Dubai (ANTARA News) - Nabeel Rajab, seorang aktivis hak asasi manusia (HAM) Bahrain dijatuhi hukuman lima tahun penjara pada Rabu karena mengkritik serangan udara Arab Saudi di Yaman dan menuduh adanya penyiksaan di penjara Bahrain, demikian disampaikan pengacara dan rekan-rekan aktivisnya.

Amerika Serikat (AS), yang memiliki pangkalan angkatan laut utama di negara tersebut, telah menyatakan keprihatinannya atas kasus Nabeel Rajab, seorang tokoh terkemuka dalam demonstrasi pro-demokrasi yang menyapu Bahrain pada 2011, yang telah menjalani hukuman dua tahun atas sebuah berita wawancara di mana dia mengatakan Bahrain menyiksa tahanan politik.

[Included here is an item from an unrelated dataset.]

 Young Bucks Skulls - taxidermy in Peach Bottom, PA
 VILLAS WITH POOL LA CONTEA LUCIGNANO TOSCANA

Hukuman baru yang dijatuhkan tersebut adalah untuk kasus "menghina sebuah negara tetangga" dan menghina institusi nasional dalam komentar yang diunggah ke Twitter, kata aktivis.

Tidak ada komentar langsung dari pemerintah Bahrain.

Sayed Ahmed Alwadaei, seorang aktivis Institut Hak Asasi Manusia dan Demokrasi Bahrain (BIRD) yang berbasis di London, mengatakan bahwa pengadilan Bahrain melarang warga mengkritik pihak berwenang.

"Alih-alih memberi penghargaan kepada Nabeel Rajab atas advokasi HAM yang berani dan terpuji untuk perdamaian, pihak berwenang justru memilih untuk menghukum utusan tersebut,” kata Alwadaei.

Bahrain menindak ancaman yang dirasakan sejak protes pada 2011 yang diilhami oleh “Arab Spring“, yang sebagian besar dipimpin oleh mayoritas penduduk Syi'ah, dan dibatalkan dengan bantuan dari tetangga-tetangga Teluk Arab.

Monarki yang dipimpin Muslim Sunni telah menutup dua kelompok politik utama, mencabut kewarganegaraan ulama Syi'ah atas dan melarang aktivis melakukan perjalanan dan mengajukan beberapa percobaan.

Pihak berwenang Bahrain menuduh Iran, kekuatan Syiah di wilayah tersebut, berada di belakang serangan bom militan dan serangan senjata pada pasukan keamanannya, sesuatu yang disangkal Iran.

Bahrain menjadi tuan rumah Armada Kelima AS, sebuah pangkalan angkatan laut utama di wilayah pengekspor minyak yang dimeriahkan oleh permusuhan antara sekutu utama Bahrain, Arab Saudi dan Iran.

Perwakilan kedutaan AS menghadiri sebuah dengar pendapat sebelumnya untuk Rajab, di mana juru bicara Departemen Luar Negeri AS Heather Nauert mengatakan bahwa Washington kecewa.

"Dia adalah seorang aktivis HAM terkemuka, kami terus melakukan percakapan dengan pemerintah Bahrain mengenai keprihatinan serius kami mengenai hal ini," kata Nauert.

Anak laki-laki Rajab, Adam, mencuit pada hari Rabu bahwa saat mendengar vonis tersebut, ayahnya tertawa di ruang sidang dan menunjukkan sebuah tanda damai. Demikian Reuters.